Pictures with short captions
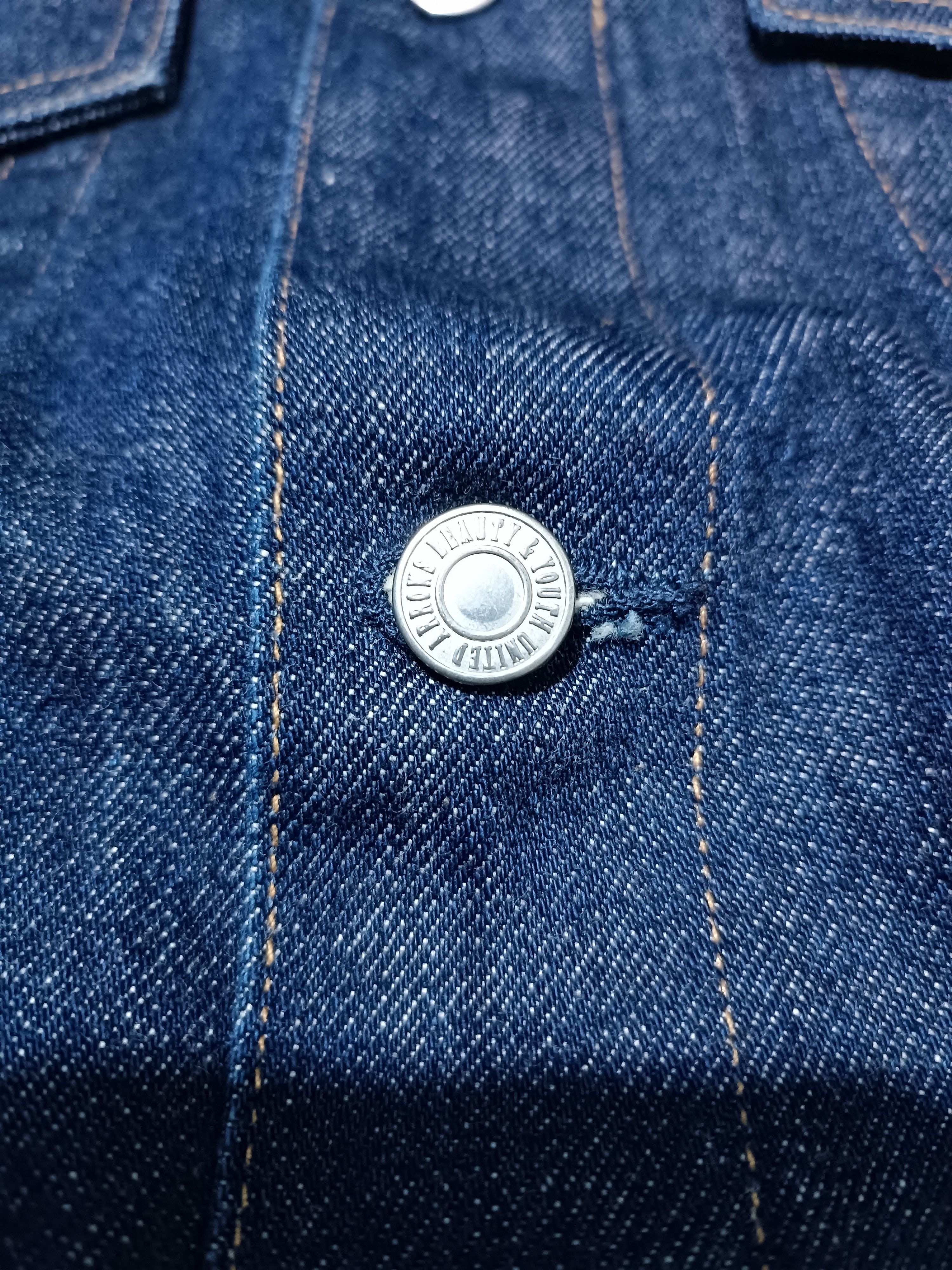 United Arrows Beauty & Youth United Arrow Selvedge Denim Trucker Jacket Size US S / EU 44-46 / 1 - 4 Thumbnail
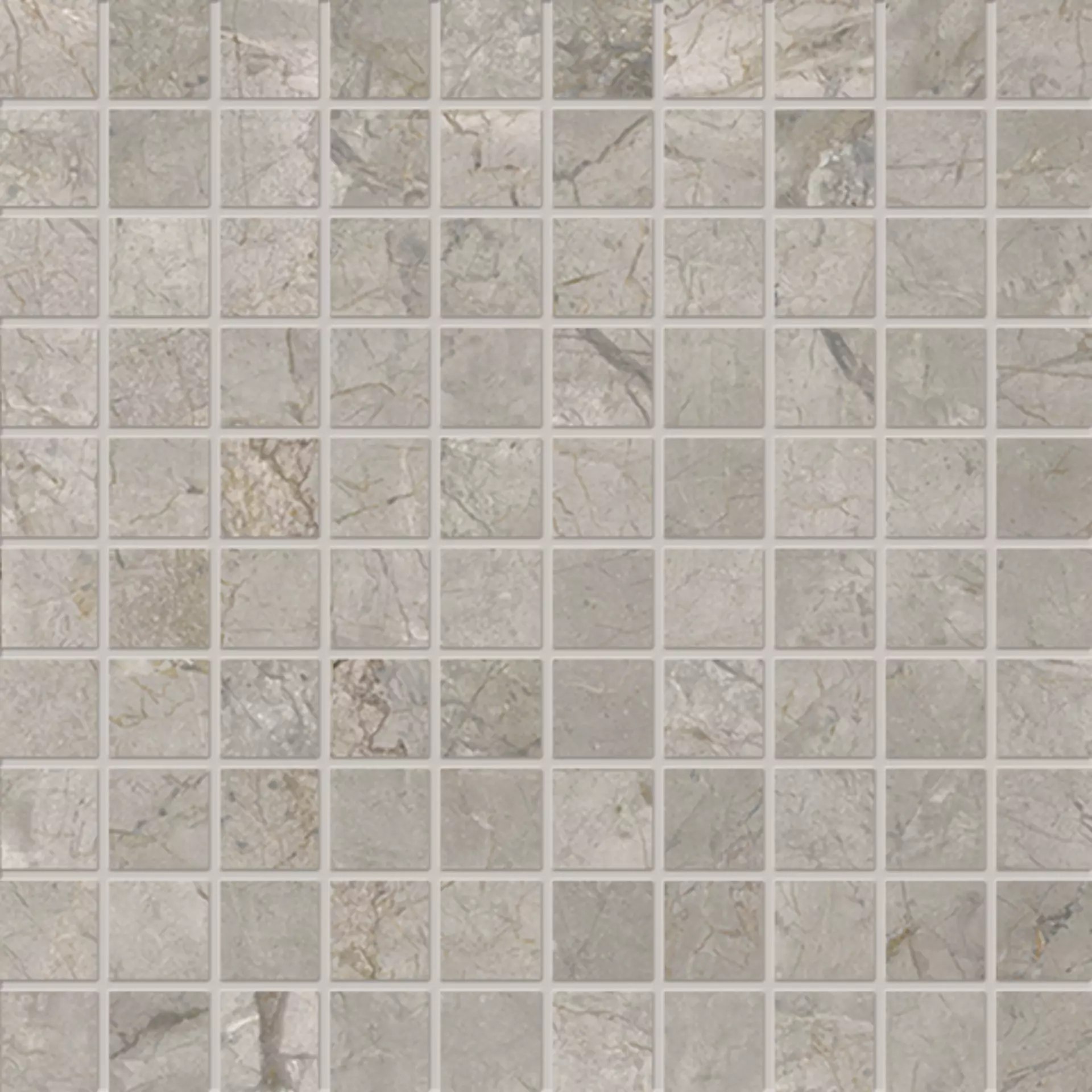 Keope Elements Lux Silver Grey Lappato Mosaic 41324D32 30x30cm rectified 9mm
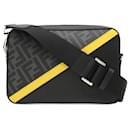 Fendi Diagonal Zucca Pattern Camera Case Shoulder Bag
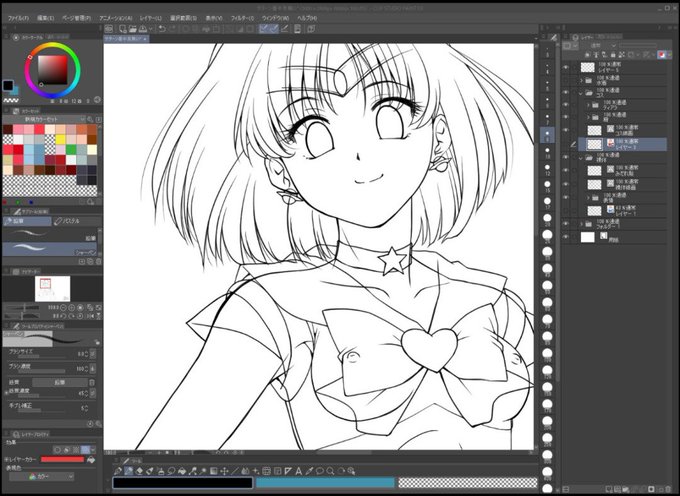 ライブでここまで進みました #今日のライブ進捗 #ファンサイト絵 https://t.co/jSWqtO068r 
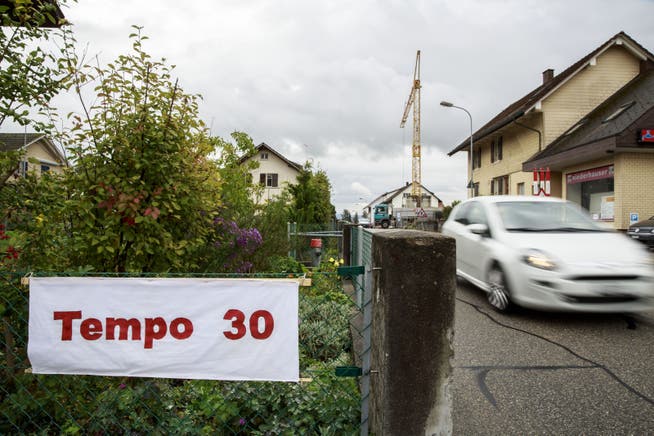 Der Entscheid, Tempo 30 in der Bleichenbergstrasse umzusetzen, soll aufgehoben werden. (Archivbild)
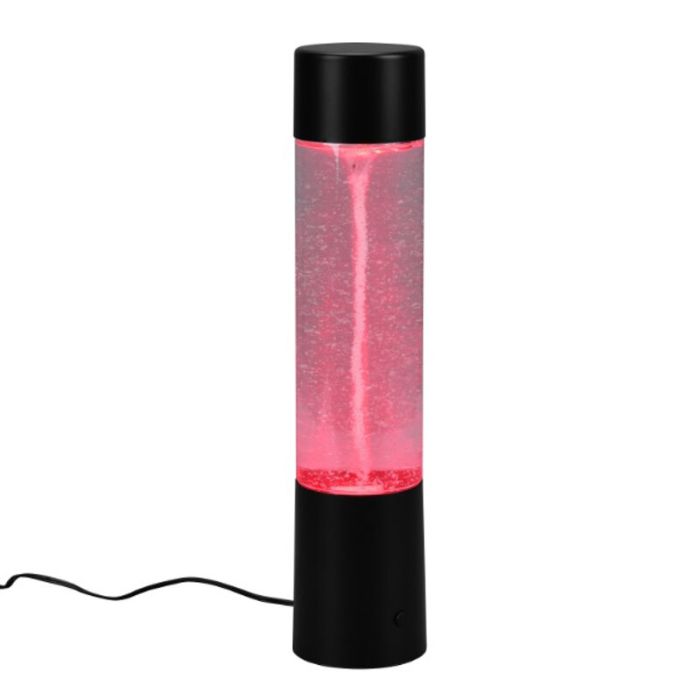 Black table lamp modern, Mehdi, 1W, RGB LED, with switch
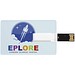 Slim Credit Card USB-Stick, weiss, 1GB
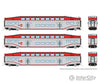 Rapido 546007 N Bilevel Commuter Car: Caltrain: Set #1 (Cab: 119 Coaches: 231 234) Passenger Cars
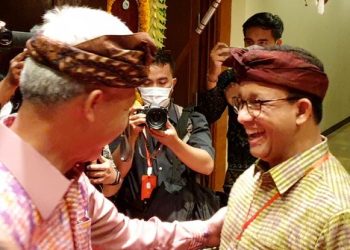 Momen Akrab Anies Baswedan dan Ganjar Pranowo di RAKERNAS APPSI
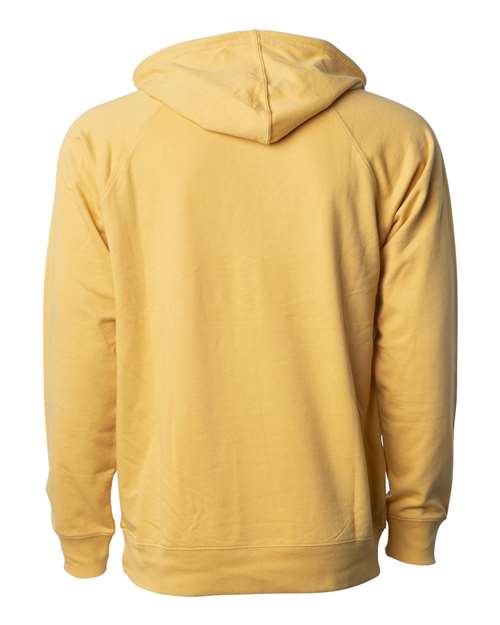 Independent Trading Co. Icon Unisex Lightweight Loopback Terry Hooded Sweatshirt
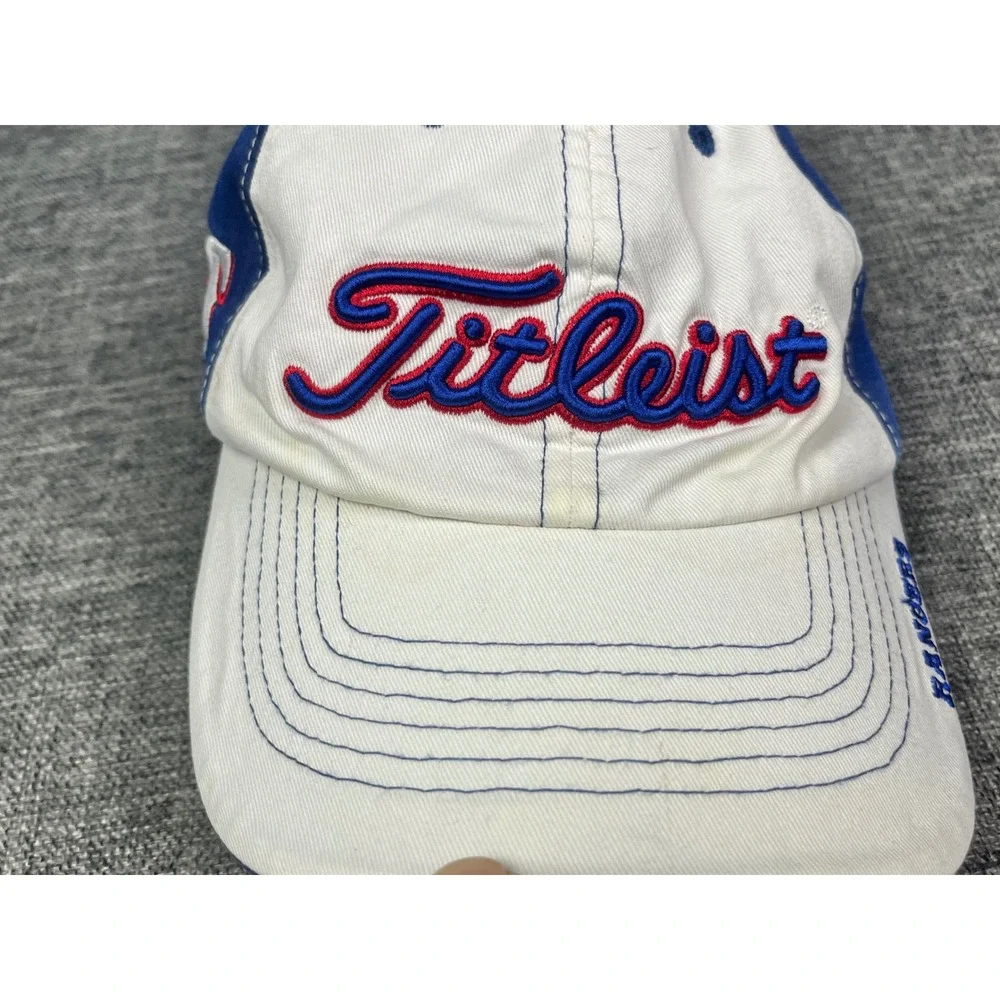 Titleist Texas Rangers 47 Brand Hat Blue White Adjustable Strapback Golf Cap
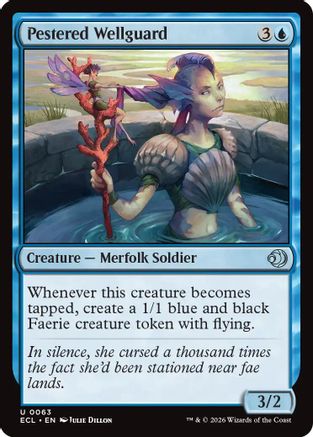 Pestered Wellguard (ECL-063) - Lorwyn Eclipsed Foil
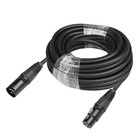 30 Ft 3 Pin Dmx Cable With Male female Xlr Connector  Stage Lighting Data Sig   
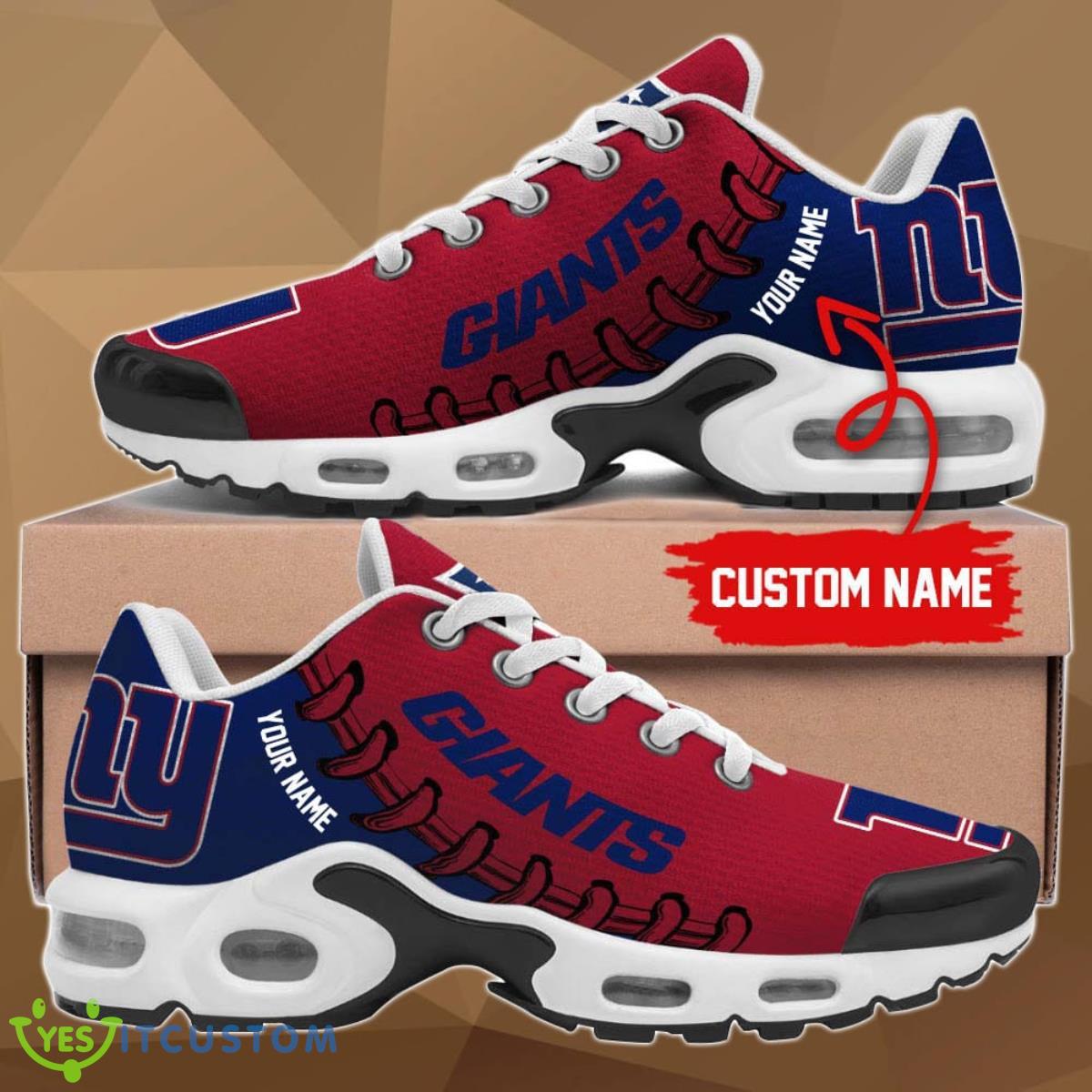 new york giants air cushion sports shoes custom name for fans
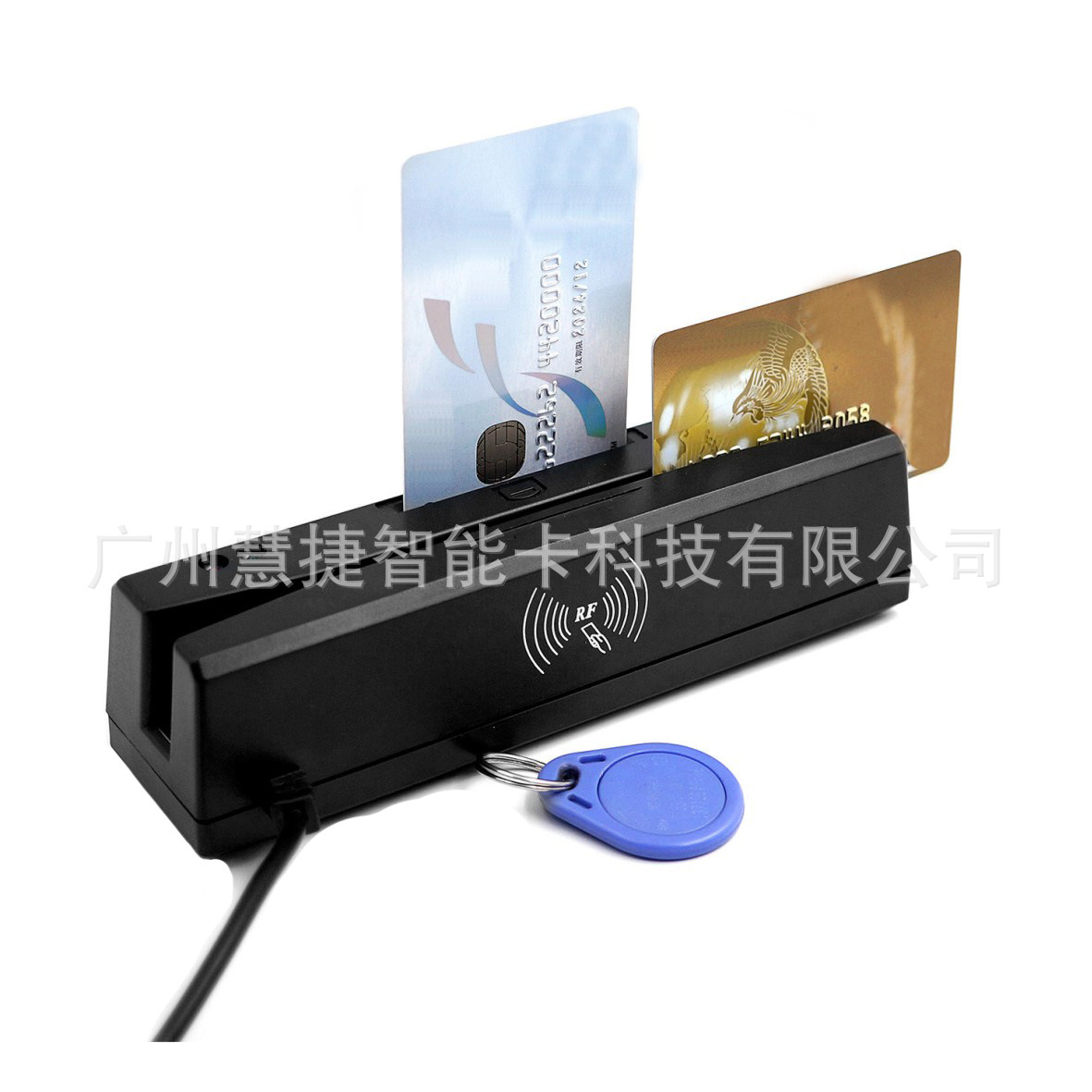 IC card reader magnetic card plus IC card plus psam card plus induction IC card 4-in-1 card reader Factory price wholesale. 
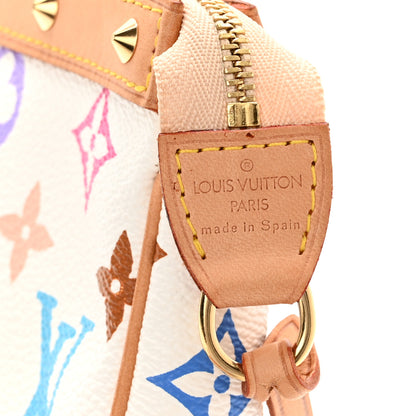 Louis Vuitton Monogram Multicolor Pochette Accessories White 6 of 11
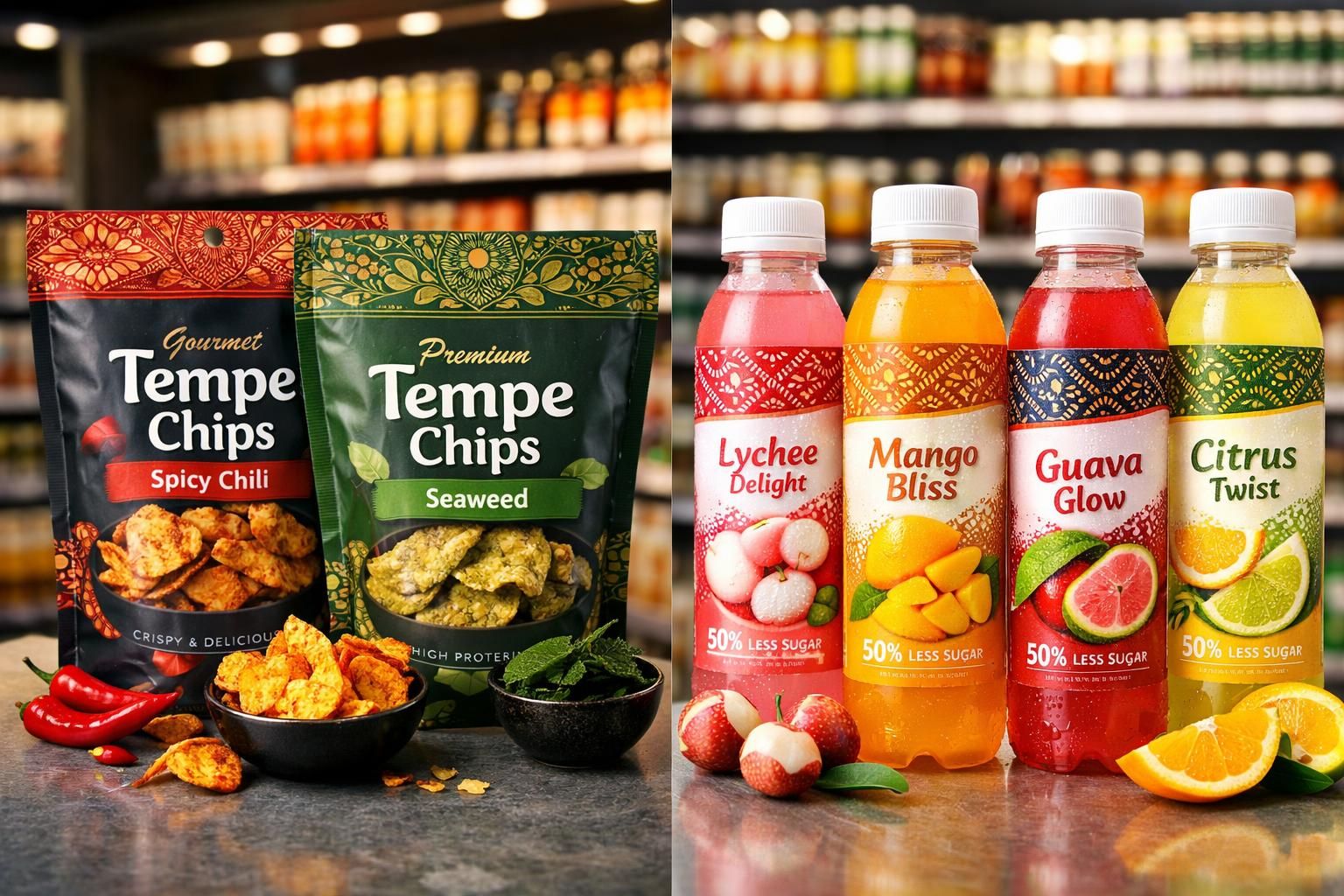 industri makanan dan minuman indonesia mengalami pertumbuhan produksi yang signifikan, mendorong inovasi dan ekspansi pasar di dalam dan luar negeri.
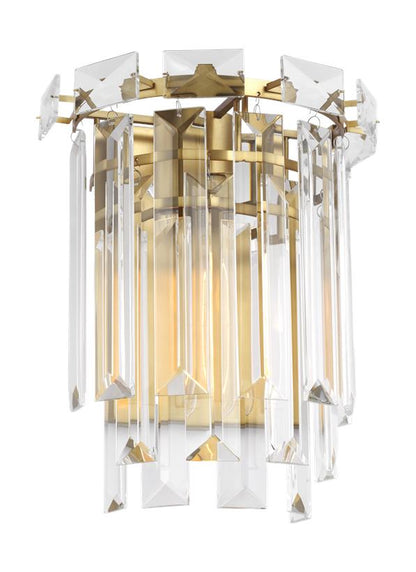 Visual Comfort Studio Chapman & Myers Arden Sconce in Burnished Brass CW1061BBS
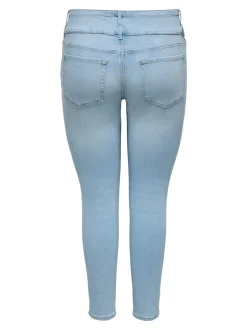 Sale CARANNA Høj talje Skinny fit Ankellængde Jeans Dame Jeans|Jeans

Description of the task »
Output the data above exactly, excluding images.

Your response »
 United Arrows Beauty & Youth United Arrow Selvedge Denim Trucker Jacket Size US S / EU 44-46 / 1 - 4 Thumbnail
 Keope Elements Lux Silver Grey Lappato Mosaic 41324D32 30x30cm rectified 9mm
 Fendi Diagonal Zucca Pattern Camera Case Shoulder Bag
 ライブでここまで進みました #今日のライブ進捗 #ファンサイト絵 https://t.co/jSWqtO068r 
 Der Entscheid, Tempo 30 in der Bleichenbergstrasse umzusetzen, soll aufgehoben werden. (Archivbild)
 Black table lamp modern, Mehdi, 1W, RGB LED, with switch
 Slim Credit Card USB-Stick, weiss, 1GB
 Rapido 546007 N Bilevel Commuter Car: Caltrain: Set #1 (Cab: 119 Coaches: 231 234) Passenger Cars
 Momen Akrab Anies Baswedan dan Ganjar Pranowo di RAKERNAS APPSI
 Independent Trading Co. Icon Unisex Lightweight Loopback Terry Hooded Sweatshirt
 Titleist Texas Rangers 47 Brand Hat Blue White Adjustable Strapback Golf Cap
 Pestered Wellguard (ECL-063) - Lorwyn Eclipsed Foil
 30 Ft 3 Pin Dmx Cable With Male female Xlr Connector  Stage Lighting Data Sig   
 new york giants air cushion sports shoes custom name for fans
 IC card reader magnetic card plus IC card plus psam card plus induction IC card 4-in-1 card reader Factory price wholesale. 
 Louis Vuitton Monogram Multicolor Pochette Accessories White 6 of 11
 industri makanan dan minuman indonesia mengalami pertumbuhan produksi yang signifikan, mendorong inovasi dan ekspansi pasar di dalam dan luar negeri.
 Visual Comfort Studio Chapman & Myers Arden Sconce in Burnished Brass CW1061BBS
 Sale CARANNA Høj talje Skinny fit Ankellængde Jeans Dame Jeans|Jeans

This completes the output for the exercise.